Haiti Reinstated in the Caribbean Community/CARICOM:
A Caribbean regional group has lifted its 28-month suspension of Haiti in response to the country’s return to democratic rule after elections earlier this year. The 15-member Caribbean Community suspended Haiti’s membership; the group refused to recognize a U.S.-backed interim government, calling it unconstitutional. Caricom had said it would reinstate Haiti if February’s presidential and parliamentary elections were deemed free and fair. Haitians elected René Préval, an agronomist and former Haitian president, as their leader. ’’Heads of government wish to congratulate the people of Haiti who, through their patience, resolve and courage, demonstrated their attachment to the democratic process,’’ the Guyana-based secretariat said in a statement late Tuesday. Preval will make a speech at Caricom’s annual conference in St. Kitts in July. On Tuesday, Préval named a coalition government in a bid to unite the impoverished nation. Haiti’s Parliament must approve the Cabinet in a vote due to be completed Wednesday. (AP, 6/8)
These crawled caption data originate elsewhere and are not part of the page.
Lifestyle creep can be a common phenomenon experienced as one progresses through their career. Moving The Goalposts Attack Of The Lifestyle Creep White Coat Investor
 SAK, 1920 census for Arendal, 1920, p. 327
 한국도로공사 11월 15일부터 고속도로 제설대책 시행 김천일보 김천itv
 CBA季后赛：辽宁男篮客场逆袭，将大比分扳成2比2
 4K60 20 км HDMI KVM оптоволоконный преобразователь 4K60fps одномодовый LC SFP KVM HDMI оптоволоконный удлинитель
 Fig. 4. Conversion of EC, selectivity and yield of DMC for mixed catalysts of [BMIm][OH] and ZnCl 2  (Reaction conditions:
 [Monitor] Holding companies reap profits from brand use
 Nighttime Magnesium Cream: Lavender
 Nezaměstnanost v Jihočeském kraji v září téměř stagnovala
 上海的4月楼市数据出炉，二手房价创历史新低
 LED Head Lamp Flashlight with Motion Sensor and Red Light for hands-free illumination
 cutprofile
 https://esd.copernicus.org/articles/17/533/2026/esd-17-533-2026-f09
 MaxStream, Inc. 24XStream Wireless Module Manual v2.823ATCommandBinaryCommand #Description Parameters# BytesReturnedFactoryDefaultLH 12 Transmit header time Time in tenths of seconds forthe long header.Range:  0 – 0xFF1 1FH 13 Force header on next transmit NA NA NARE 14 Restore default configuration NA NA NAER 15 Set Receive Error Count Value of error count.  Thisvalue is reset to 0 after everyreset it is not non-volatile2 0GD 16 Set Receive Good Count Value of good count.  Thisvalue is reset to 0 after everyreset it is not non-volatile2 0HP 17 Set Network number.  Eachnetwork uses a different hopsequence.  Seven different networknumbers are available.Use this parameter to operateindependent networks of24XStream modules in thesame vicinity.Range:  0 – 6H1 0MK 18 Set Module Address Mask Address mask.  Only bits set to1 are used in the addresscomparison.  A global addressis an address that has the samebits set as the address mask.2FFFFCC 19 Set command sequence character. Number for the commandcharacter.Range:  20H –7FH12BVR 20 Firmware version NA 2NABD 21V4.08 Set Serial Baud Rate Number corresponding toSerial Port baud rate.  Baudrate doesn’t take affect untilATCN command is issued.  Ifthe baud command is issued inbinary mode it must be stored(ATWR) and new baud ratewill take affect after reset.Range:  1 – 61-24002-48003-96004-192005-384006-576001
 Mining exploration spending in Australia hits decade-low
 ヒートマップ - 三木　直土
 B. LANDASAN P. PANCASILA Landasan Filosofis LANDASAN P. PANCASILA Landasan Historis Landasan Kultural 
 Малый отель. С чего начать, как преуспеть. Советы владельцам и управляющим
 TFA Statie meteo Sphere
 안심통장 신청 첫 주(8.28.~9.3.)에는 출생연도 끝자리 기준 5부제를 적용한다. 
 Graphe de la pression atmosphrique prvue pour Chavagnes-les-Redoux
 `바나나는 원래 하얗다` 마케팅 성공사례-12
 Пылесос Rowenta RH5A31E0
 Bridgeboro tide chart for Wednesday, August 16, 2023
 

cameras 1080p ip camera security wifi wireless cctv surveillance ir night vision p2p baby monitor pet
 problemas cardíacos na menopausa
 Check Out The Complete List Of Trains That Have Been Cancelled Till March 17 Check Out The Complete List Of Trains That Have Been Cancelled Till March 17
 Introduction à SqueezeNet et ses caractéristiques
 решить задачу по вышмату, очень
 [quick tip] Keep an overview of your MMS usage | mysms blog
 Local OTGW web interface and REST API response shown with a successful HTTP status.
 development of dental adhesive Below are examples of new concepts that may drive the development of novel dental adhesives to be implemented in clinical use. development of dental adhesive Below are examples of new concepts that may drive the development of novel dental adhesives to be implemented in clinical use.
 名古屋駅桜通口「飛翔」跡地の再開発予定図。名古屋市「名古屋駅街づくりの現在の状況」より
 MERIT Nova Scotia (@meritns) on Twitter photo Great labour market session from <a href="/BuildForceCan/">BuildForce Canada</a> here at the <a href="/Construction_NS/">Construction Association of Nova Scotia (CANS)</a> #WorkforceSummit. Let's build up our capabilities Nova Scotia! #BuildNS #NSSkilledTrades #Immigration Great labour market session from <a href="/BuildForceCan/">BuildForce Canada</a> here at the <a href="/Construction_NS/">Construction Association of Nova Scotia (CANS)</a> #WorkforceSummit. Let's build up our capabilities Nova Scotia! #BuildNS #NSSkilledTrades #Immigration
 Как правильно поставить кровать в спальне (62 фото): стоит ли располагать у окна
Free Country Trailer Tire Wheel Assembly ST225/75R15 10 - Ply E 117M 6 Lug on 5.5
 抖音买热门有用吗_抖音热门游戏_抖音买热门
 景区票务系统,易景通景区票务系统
Chilean President Visits Haiti:
President Michelle Bachelet leaves Wednesday for a tour of Haiti, Jamaica and the Dominican Republic and a visit to the United States, where she will meet with President George W. Bush, Chile’s foreign ministry said. Despite ongoing student unrest and opposition calls to have her cancel the trip, Bachelet decided to keep her foreign agenda because, Interior Minister Andres Zaldivar said Tuesday, “managing international relations makes her the president of the republic.” Accompanied by cabinet ministers and lawmakers of the governing Concert of center left parties, as well as members of the opposition, Chile’s first female president will meet with Bush at the White House on Thursday. Although the meeting lacks an official agenda, diplomatic sources said the discussion will be far-ranging. After Washington, Bachelet on Thursday will stop over in Jamaica where she will meet with Prime Minister Portia Simpson Miller, and on Friday in Haiti will reciprocate President Rene Preval’s March visit to Santiago. Officials said Bachelet might also visit 650 Chilean troops taking part in a UN peacekeeping mission in troubled Haiti. Bachelet’s foreign tour will end Saturday in the Dominican Republic. (AFP, 6/8)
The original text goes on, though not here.